While there have been improvements in how the modern workforce works for women in it, there is still a long way to go to achieve equality, especially as men are still employed and move into senior positions at a higher rate than women.
“It’s a shame that the wage equality needle isn’t moving as fast as it should be right now. The average woman still earns 20 percent less than the average man — and it’s been that way for 15 years,” Stickney said, citing Pew Research. In the year Since Parity.org launched in 2017, the amount of money a woman earns for every dollar a man makes has increased by half a percent every year, and today it’s 84 cents on the man’s dollar, she said.
And none of this has helped with the epidemic’s impact on women in the workforce.
The National Women’s Law Center reported in March of this year that “as of February 2020, more than 1.1 million women were in the labor force as men returned to their pre-pandemic labor force levels.” As a result, many women – especially black women, Latinas, and other women of color – are still struggling to make ends meet.
So what should companies be doing now and next to go a long way in gender equality?
Stickney says it’s two things (the same two things many companies are forced to realize they need to do when it comes to racial representation): Make a public commitment and measure their progress.
“More companies should make a public commitment to interview qualified women for every open leadership position,” she said. “Companies have been making personal commitments for decades.

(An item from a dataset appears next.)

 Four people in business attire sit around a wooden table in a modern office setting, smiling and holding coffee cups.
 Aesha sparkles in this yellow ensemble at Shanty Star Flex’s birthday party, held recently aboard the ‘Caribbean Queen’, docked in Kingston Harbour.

A public commitment is different. It not only allows employees to demonstrate the company’s importance to diversity and equity, but also allows company leaders and managers to hold the company accountable for actively working toward equality.”
From there, it’s about recognition and accountability.

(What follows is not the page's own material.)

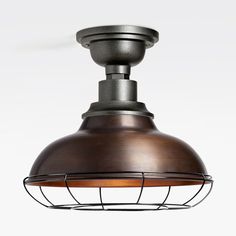 an industrial style light fixture with a metal cage on the bottom and a wooden shade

“You can’t fix what you can’t see,” Stickney said. “If companies want to fully understand where the barriers and opportunities are, they need to measure not just representation and pay, but the entire employee life cycle, from recruitment to attrition. When you start measuring, you’ll find all kinds of patterns that weren’t seen before. For example, women are more likely to leave an organization than men in their first five years of employment.” Are you leaving? If the answer is ‘yes’, then you have a problem.
“Or if you’re hiring more women than men at the entry level and more women than women at the executive level, you might have a pipeline problem when you’re looking for your high-potential employees to fill top jobs and you can only find men,” she added. You don’t know.”